Task prompt
Only the lines from the one containing "718 Hamptons Bay" through the last line of the material should be copied, exactly as written and without pictures.

Input data
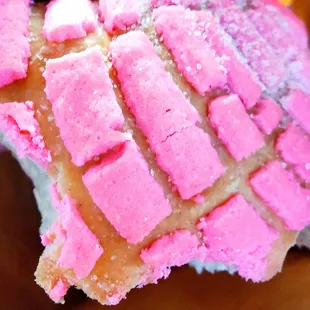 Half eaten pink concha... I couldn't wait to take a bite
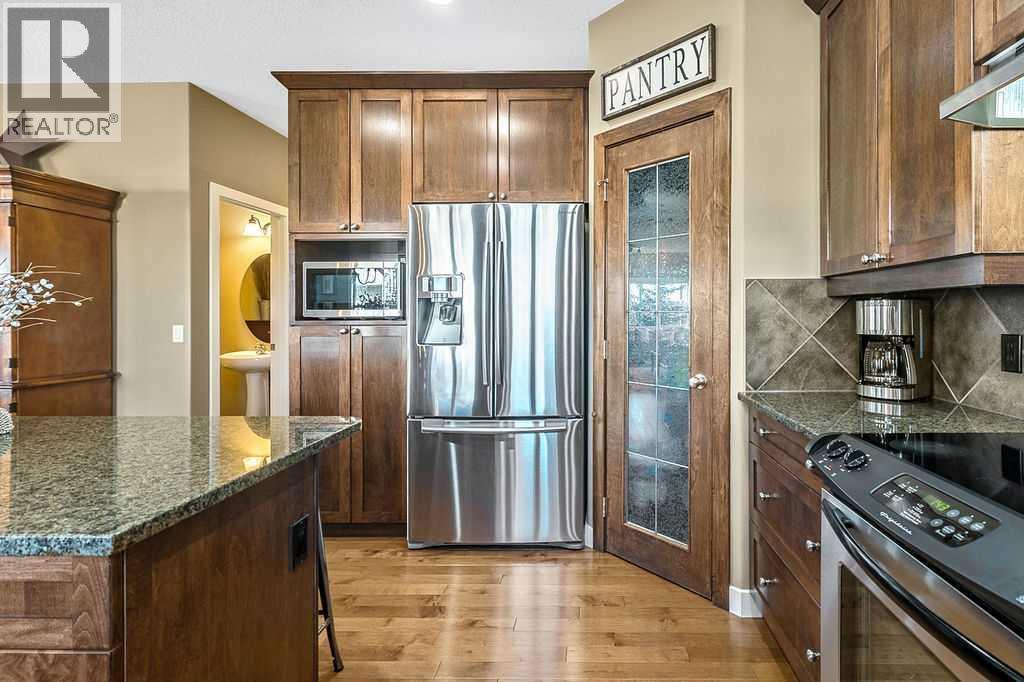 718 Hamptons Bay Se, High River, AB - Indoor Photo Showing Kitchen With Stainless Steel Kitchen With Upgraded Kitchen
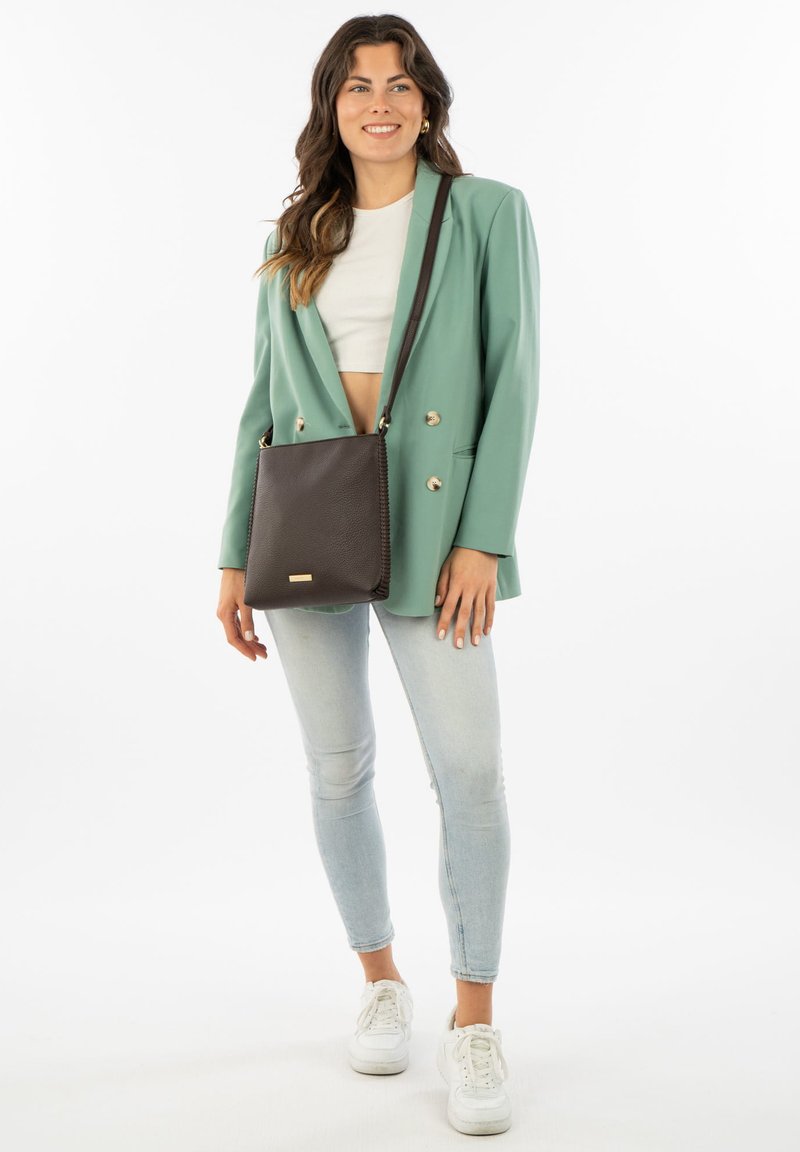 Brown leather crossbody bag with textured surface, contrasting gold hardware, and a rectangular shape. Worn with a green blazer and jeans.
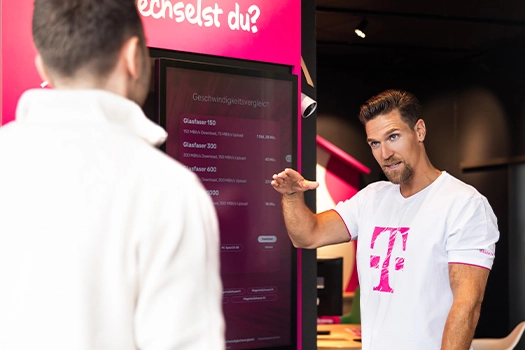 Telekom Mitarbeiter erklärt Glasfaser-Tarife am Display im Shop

Completed task
 718 Hamptons Bay Se, High River, AB - Indoor Photo Showing Kitchen With Stainless Steel Kitchen With Upgraded Kitchen
 Brown leather crossbody bag with textured surface, contrasting gold hardware, and a rectangular shape. Worn with a green blazer and jeans.
 Telekom Mitarbeiter erklärt Glasfaser-Tarife am Display im Shop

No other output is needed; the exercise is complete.